C ome si può raccontare la precarietà tramite delle fotografie? Non quella semplicemente lavorativa, piuttosto la precarietà intesa come condizione di esistenza, come stato diffuso, pervasivo. Questo è il tema di Provisional Arrangement, l’ultimo progetto di Martin Kollar pubblicato dalla casa editrice MACK a fine settembre. Nato a Zilina, città della Cecoslovacchia poi diventata parte della Slovacchia, Kollar si è trovato presto a giostrarsi tra il perpetuo e il temporaneo. “Sono cresciuto sotto il Comunismo e il suo slogan ‘Con l’Unione Sovietica, da qui all’Eternità’” – scrive Kollar – “e noi all’epoca aggiungevamo, ridendo: ‘Sì, ma non un secondo di più.”

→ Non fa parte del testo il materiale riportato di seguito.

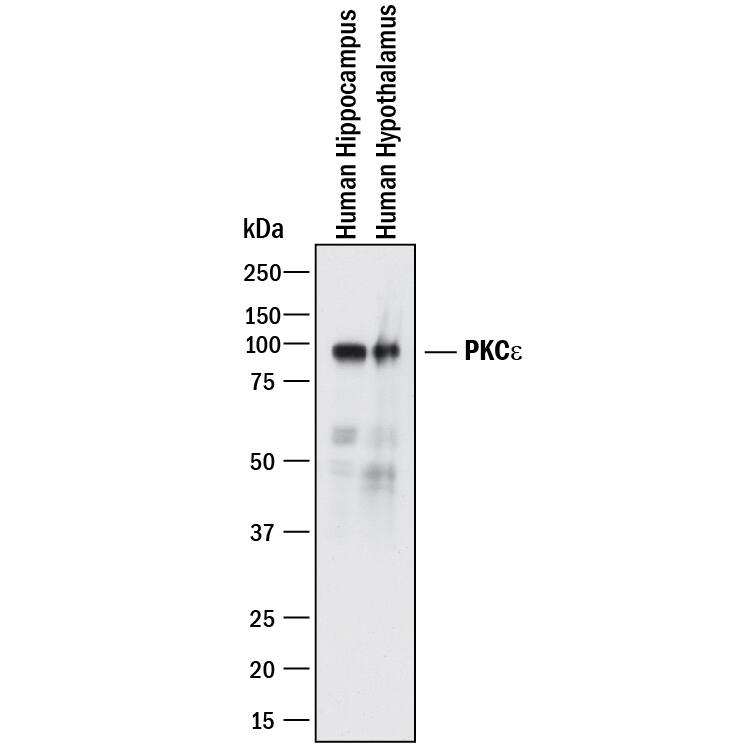 Western blot shows lysates of Human brain (hippocampus) tissue and human brain (hypothalamus) tissue. PVDF membrane was probed with 2 µg/mL of Mouse Anti-Human PKCe Monoclonal Antibody (Catalog # MAB51341) followed by HRP-conjugated Anti-Mouse IgG Secondary Antibody (Catalog # HAF018). A specific band was detected for PKCe at approximately 90 kDa (as indicated). This experiment was conducted under reducing conditions and using Immunoblot Buffer Group 1.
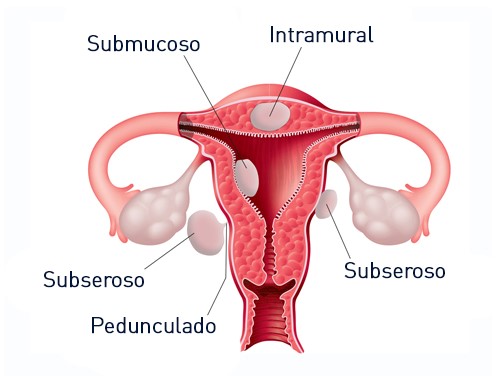Diferentes tipos de fibromas uterinos en diferentes lugares del útero. Etiquetas: fibroma intramural, subseroso, fibromas submucosos y pedúnculo.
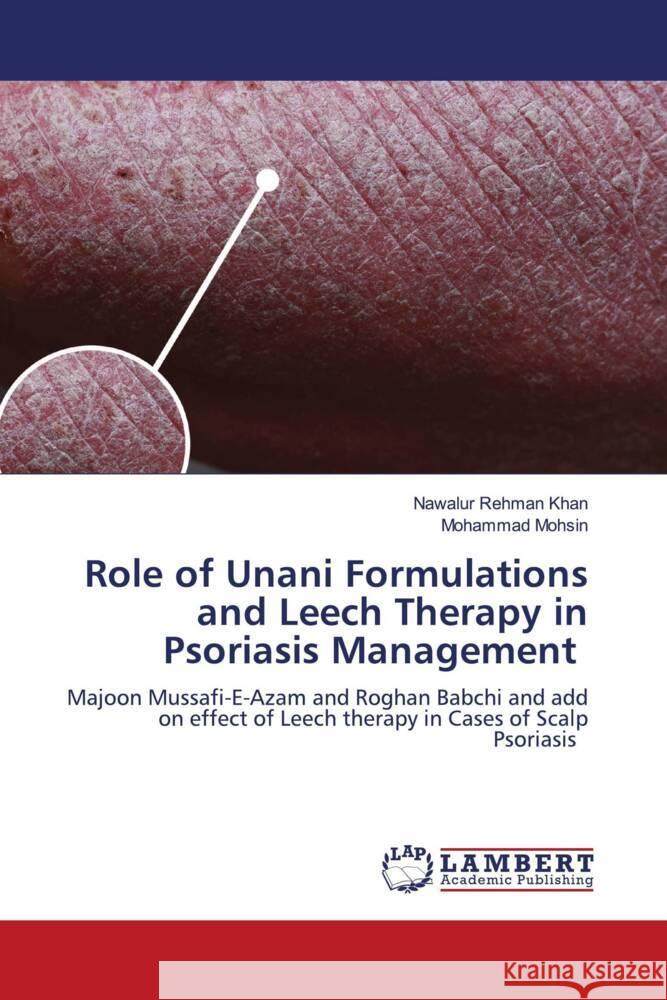 Role of Unani Formulations and Leech Therapy in Psoriasis Management Nawalur Rehman Khan Mohammad Mohsin 9786206788799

Il libro si apre con la fotografia di una poltrona rivolta verso una finestra, una tavola poggiata in equilibrio tra le due. È la prima di tante “soluzioni temporanee” ritratte da Kollar, un catalogo di scene che esprimono l’idea di una vita tenuta insieme col nastro adesivo: riparazioni improbabili, un uomo che dorme nella sua macchina, un ponte crollato, un campo da calcio su un terrapieno inclinato. Nessuna didascalia accompagna le fotografie, non c’è modo di ricondurle a una geografia o a una comunità che possano giustificare il surrealismo delle situazioni.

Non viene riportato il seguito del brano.